In response, Plaintiff argues the "law of the case" doctrine precludes this Court from reconsidering Judge Moskowitz's conclusion regarding agency. Plaintiff asserts that Defendant has merely rehashed the arguments Judge Moskowitz already considered when deciding Plaintiff's Motion for Partial Summary Judgment and that Defendant has offered no new facts or evidence to justify reconsideration. Plaintiff asserts that, under California law, an agency relationship requires the "essential characteristic of the right to control" and "the power to alter legal relationships between the principal and third parties." Plaintiff therefore argues that Judge Moskowitz did not clearly err in concluding Defendant was not LBR's agent because he found that LBR did not control the details of Defendant's work and that Defendant lacked the authority to enter into legal relations on behalf of LBR. Lastly, Plaintiff argues that Defendant should not be allowed to raise the issue of parol evidence for the first time in its Motion for Reconsideration.

In reply, Defendant argues that Plaintiff misses the "subtle distinction" between independent contractors and agents. Defendant argues that, because it had the authority to enter LBR's property, allow third parties to enter LBR's property, obtain permits on LBR's behalf, send formal notifications of work to third parties, and obligate LBR to pay third parties, that it was acting as LBR's agent.

This Court concludes that Judge Moskowitz did not clearly err in concluding that Defendant was not acting as LBR's agent as a matter of law. While it is possible that Defendant could alter LBR's legal relations with third parties, control is still missing from the equation. Indeed, Judge Moskowitz explicitly found that "LBR 'did not control the details of [Defendant's work.'" (ECF No. 56 at 4 (citing to ECF No. 42, Def.'s Opp. Br. at 11).) And "[i]n the absence of the essential characteristic of the right of control, there is no true agency." Korean Air Lines Co., Ltd. v. County of Los Angeles, 162 Cal. App. 4th 552, 562 (2008) (internal quotation omitted). Accordingly, this Court DENIES Defendant's Motion for Reconsideration as to Judge Moskowitz's conclusion that Defendant was not acting as LBR's agent.
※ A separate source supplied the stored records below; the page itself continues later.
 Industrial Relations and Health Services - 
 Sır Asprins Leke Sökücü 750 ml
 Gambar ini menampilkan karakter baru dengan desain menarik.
After a careful review of the record in this matter and the parties' submissions, and for the foregoing reasons, IT IS HEREBY ORDERED that Defendant's Motion for Reconsideration, (ECF No. 59), is DENIED. The hearing on Defendant's Motion for Reconsideration, currently set for February 1, 2013, is therefore VACATED. The pretrial conference set for the same day, however, remains on calendar.